There is a lot of information about slower tapers on here. If you look under Topics - to the right of here, there is a heading ' (Tapering steroids) If you go in there, there is a ton of helpful information about different, slower, tapering plans.

Blurry62 profile image
Blurry62 in reply to Hildalew

It took me a month or more to get to 6.5. In hindsight I think there was too much for my body to recover from. I had double pneumonia 7 weeks ago, got the booster two weeks ago-really sick from that- reduced to 6mg for one day and that night all went ballistic.

Blurry62 profile image
Blurry62 in reply to Hildalew

I have been taking more that a month to drop by .5 mg.

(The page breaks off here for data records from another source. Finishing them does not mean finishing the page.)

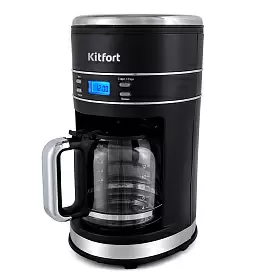 Кофеварка капельная Kitfort КТ-704-2, черная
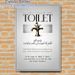 Islamic Toilet Dua Painting Poster, Elegant Minimalist Typographic & Vintage Faucet Graphic Poster, Displays Traditional Islamic Supplication, Ideal_maomaolike.com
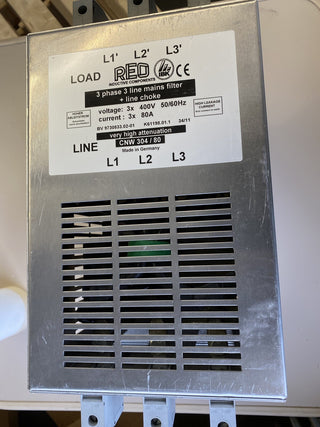 REO CNW 304/80 EMV-Kombifilter 3x400V 80A Netzdrossel | Top Zustand!0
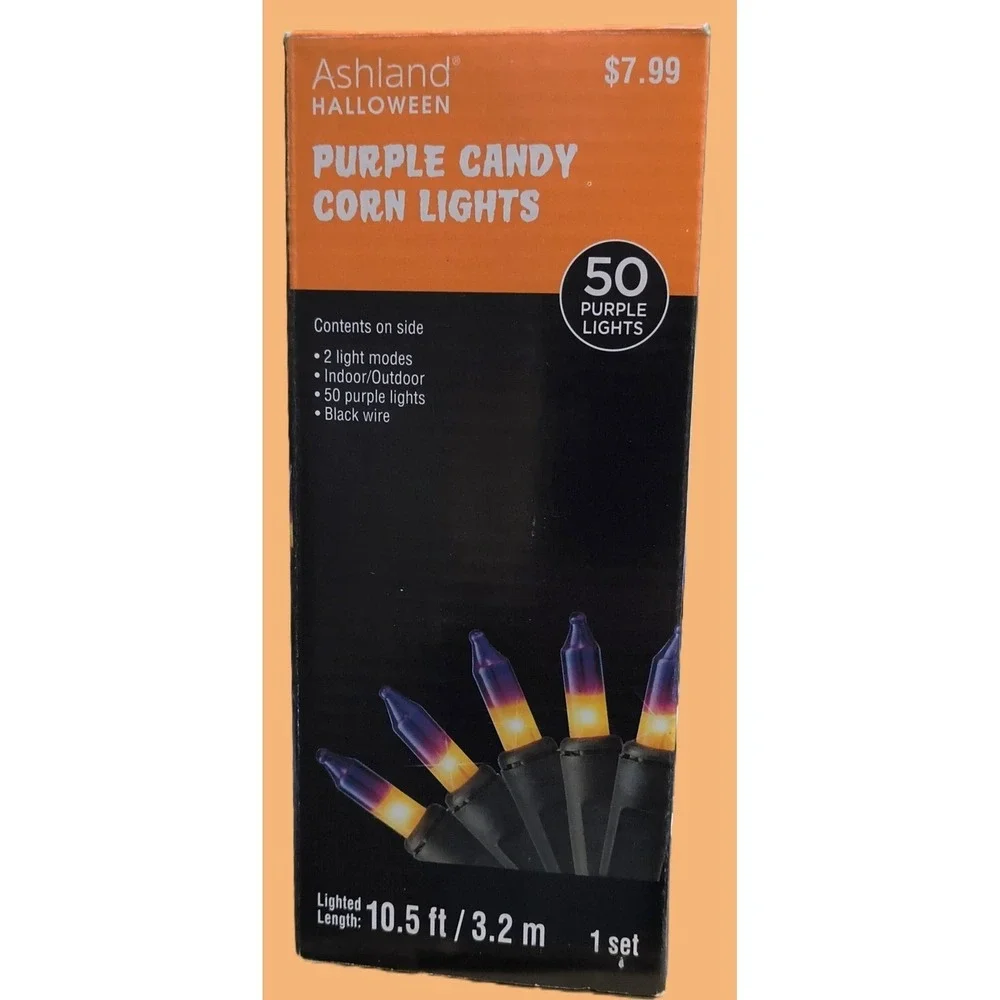 Halloween Orange Lights 50 Count 3‎ Box Lot 150 Lights Celebrate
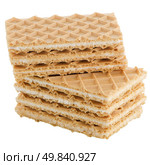 Vanilla wafers on white reflective background. Стоковое фото, агентство Ingram Publishing / Фотобанк Лори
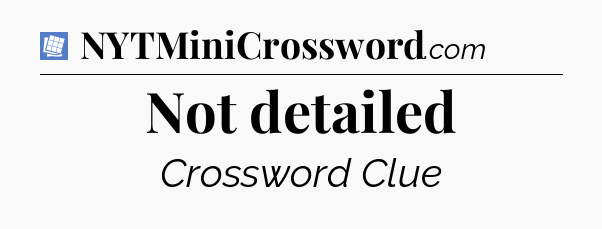 Not detailed Puzzle Page Crossword Clue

I am on 10mg. Now per gca specialist directions to calm things down. But 8 feel so rotten. Afraid this isn't normal but read that someone else has experienced something similar and felt funky after an increase. I am tired of being sick.

cycli profile image
cycli

an interesting read and always useful for a newbie to try and understand what to expect when getting down there. It does sound like you went one step down too many Blurry62

Blurry62 profile image
Blurry62 in reply to cycli

Ya, I agree. Bad timing.

Blurry62 profile image
Blurry62

I am searching for an endocrinologist.